Mit Jesses, endlich, telefoniert, wegen AEOLIA. Große Begeisterung war nicht, „ich hatte eigentlich gedacht, du schriebest etwas wie die Catania-Beschreibungen in deinem >>>> Sizilienbuch; das hatte solche Magie, das habe ich nie aus dem Ohr verloren. Das heißt jetzt aber nicht, daß wir die AEOLIA n i c h t drucken werden.“ Ganz leicht verschnupft bin ich jetzt s c h o n; denk mir: Begreift er nicht, was er da bekommen hat?

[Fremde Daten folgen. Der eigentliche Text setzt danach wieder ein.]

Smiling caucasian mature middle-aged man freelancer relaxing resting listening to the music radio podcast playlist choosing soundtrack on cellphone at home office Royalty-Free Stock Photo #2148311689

Immerhin, am 11. August wird er, zusammen mit der Ausstellungeröfnung Kratz‘, der die Bilder für das Stromboli-Buch beiträgt, in Bielefeld eine Lesung aus AEOLIA machen. Außerdem kam beruhigende Post von >>>> Dielmann, auch zur AEOLIA; er hätte sich, weil ihm vierzehn Stellen aufgefallen waren, an denen man die strenge Form recht gut brechen könne, und die habe er mir mitteilen wollen, fast seine sizilianische Freundin zur Feindin gemacht… offenbar ist sie afficionasiert von AEOLIA und scheint heftig Partei ergriffen zu haben, eben n i c h t s mehr an dem Epos’chen zu ändern. Ich selbst meine, doch, schon., hier und da werd ich lockern, bewußt lockern, wie man Webfehler in Teppiche einknüpft; vor allem bei den strengen Silbenmaßen der Sonette, nicht bei allen, aber bei dreivieren… schon weil das Deutsche, anders als das Italienische, über gleiche Silbenanzahl im Ton nicht gewinnt. Mir ist dabei aufgefallen, daß es im Deutschen nicht nur Betonungen und Nicht-Betonungen (Hebungen und Senkungen gibt), sondern ganz besondere Hebungen, die sich vom Maß her auf den ersten Blick nicht unterscheiden, wohl aber im Klang. Ich bin versucht, von „doppelten“ Betonungen zu sprechen, bzw. „anderthalbfachen“ Betonungen usw., und zwar, logisch, auf einer Silbe. Solche stärkeren oder schwächeren Akzentuierungen entsprechen vielleicht ein wenig den Tonhöhendifferenzen asiatischer Sprachen, die freilich jeweils andere Bedeutungen tragen. Im Deutschen ist es nicht eine andere Bedeutung, sondern andere Emphase. Wenn das stimmt, liegt es auf der Hand, bzw. ist es eine Folge, daß man Takte ganz anders zählen muß als nach den objektiven Characteren von Hebungen und Senkungen als solchen – ungefähr zählen… und das bei einer Sprache, die für Ihre Präzision bekannt ist und deshalb für eine d e r Sprachen philosophischer Systeme gilt. Kann sein, daß sich darin ihre metaphysische Komponente versteckt.